• Exercise data
----------

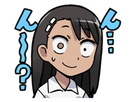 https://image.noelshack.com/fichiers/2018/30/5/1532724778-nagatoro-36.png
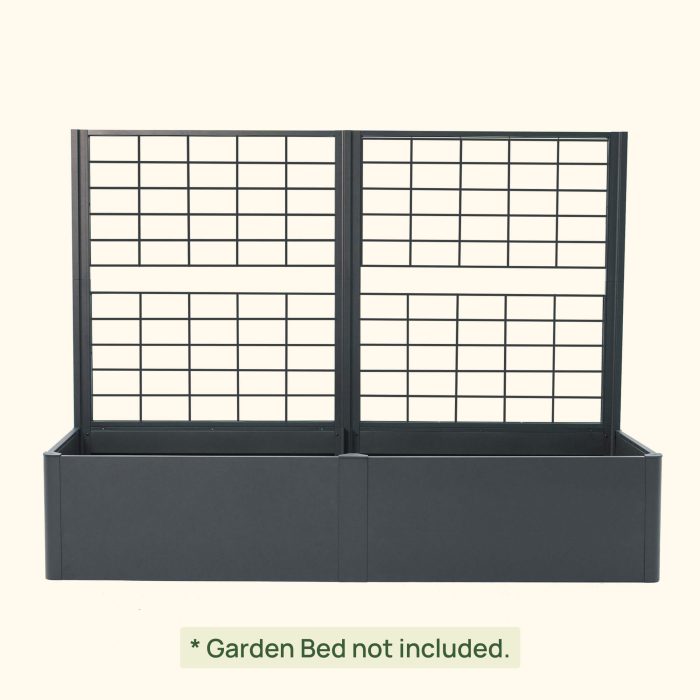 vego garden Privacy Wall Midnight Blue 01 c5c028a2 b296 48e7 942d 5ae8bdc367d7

----------

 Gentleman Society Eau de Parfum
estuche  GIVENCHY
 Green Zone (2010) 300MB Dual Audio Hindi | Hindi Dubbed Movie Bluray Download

----------

• How to complete this task
The lines to extract from the data above begin with the line containing "Gentleman Society Eau de Parfum" and end with the line containing "Green Zone (2010)". Extract them exactly, including both.

• Solution for this problem
 Gentleman Society Eau de Parfum
estuche  GIVENCHY
 Green Zone (2010) 300MB Dual Audio Hindi | Hindi Dubbed Movie Bluray Download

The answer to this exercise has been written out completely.